:: Recorded information ::
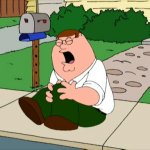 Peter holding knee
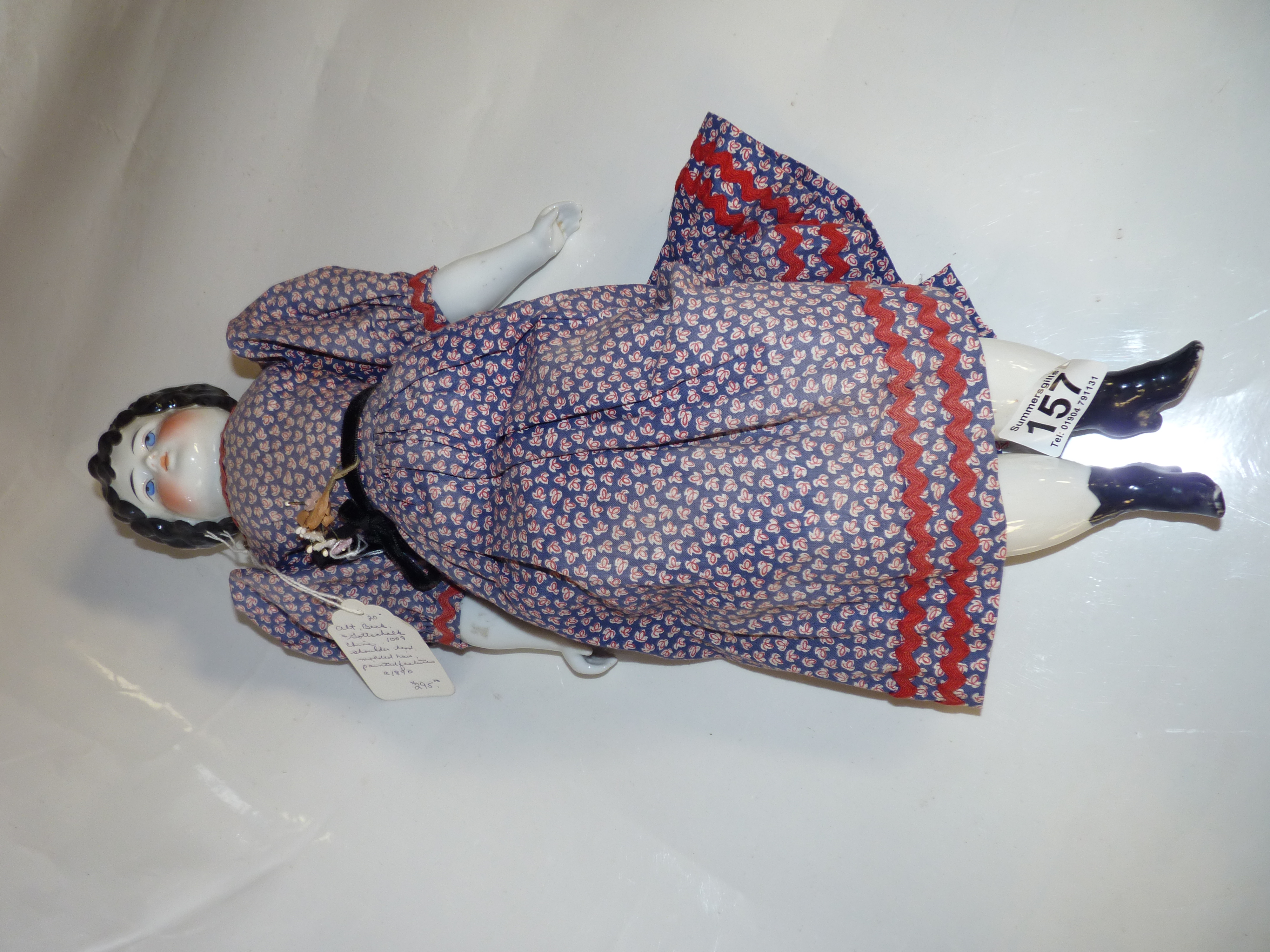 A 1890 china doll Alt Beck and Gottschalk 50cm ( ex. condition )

...

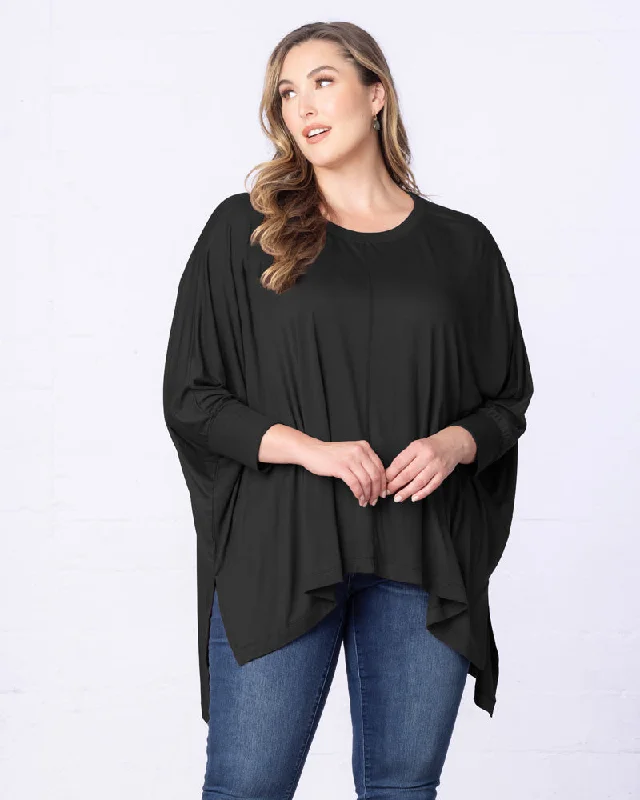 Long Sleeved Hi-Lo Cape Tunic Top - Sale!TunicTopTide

...

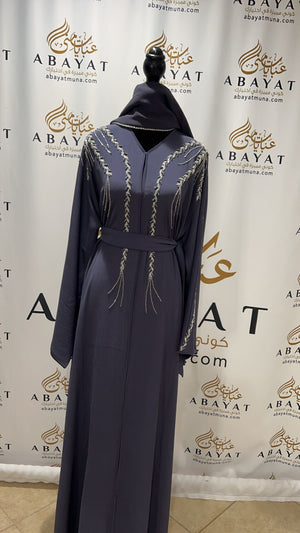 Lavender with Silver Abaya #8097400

:: What is expected ::
Range to copy from the listing above: the line with "Peter holding knee" through the line with "A 1890 china". Transcribe it exactly and skip the pictures.

:: Answer section ::
 Peter holding knee
 A 1890 china doll Alt Beck and Gottschalk 50cm ( ex. condition )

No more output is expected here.